-------- AVAILABLE RECORDS
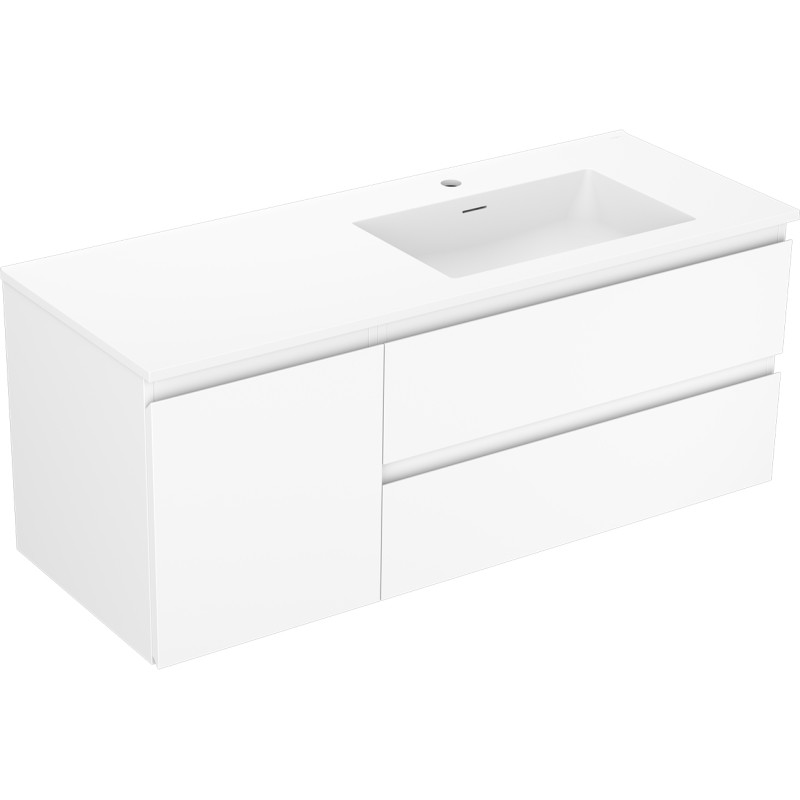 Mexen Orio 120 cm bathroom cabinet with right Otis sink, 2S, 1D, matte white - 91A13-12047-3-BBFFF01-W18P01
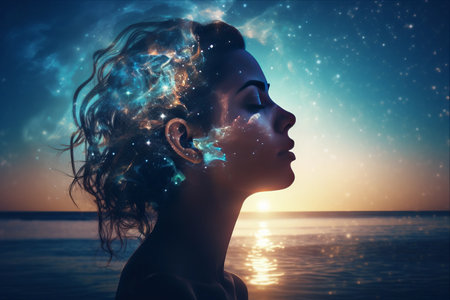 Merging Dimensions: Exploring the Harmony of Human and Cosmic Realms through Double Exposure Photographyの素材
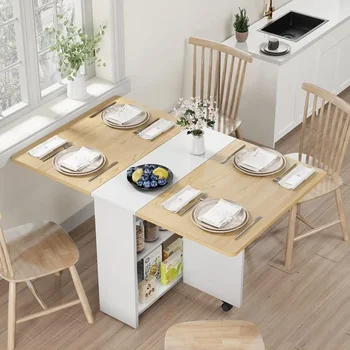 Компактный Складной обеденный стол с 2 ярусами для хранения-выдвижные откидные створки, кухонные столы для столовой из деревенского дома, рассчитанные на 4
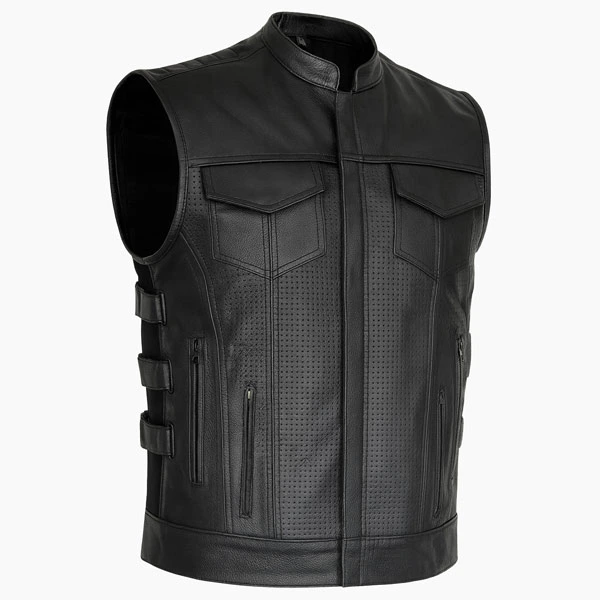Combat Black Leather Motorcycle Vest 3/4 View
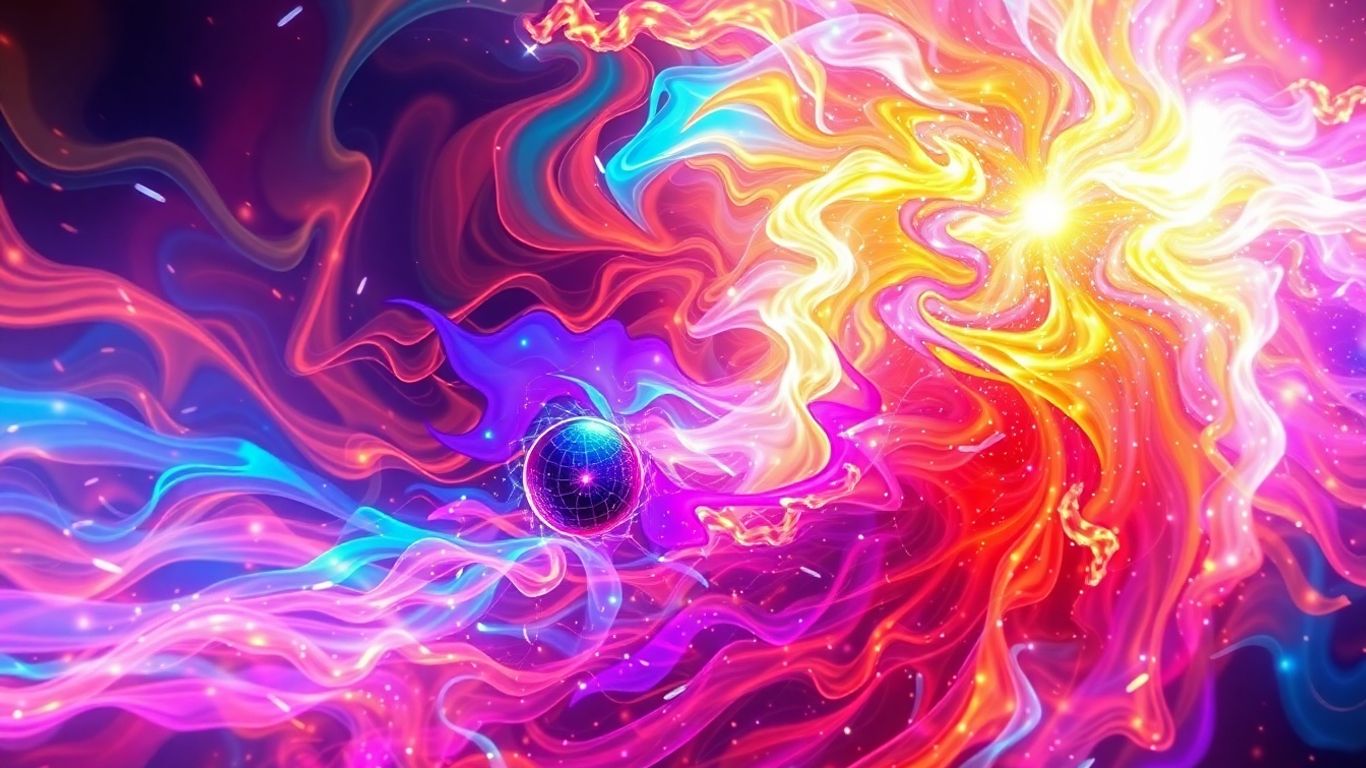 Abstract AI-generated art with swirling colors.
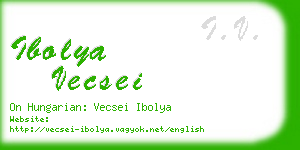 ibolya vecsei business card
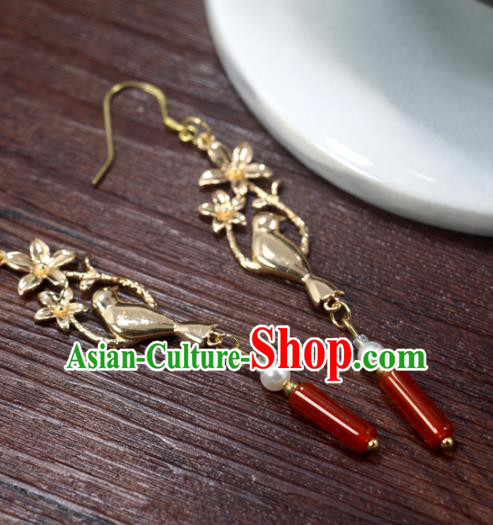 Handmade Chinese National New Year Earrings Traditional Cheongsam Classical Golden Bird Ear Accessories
----------------
YOUR ASSIGNMENT: Your reply should consist solely of the lines from the line containing "Компактный Складной обеденный" through the last line of the listing, unchanged and free of pictures.

RESPONSE:
 Компактный Складной обеденный стол с 2 ярусами для хранения-выдвижные откидные створки, кухонные столы для столовой из деревенского дома, рассчитанные на 4
Combat Black Leather Motorcycle Vest 3/4 View
 Abstract AI-generated art with swirling colors.
 ibolya vecsei business card
 Handmade Chinese National New Year Earrings Traditional Cheongsam Classical Golden Bird Ear Accessories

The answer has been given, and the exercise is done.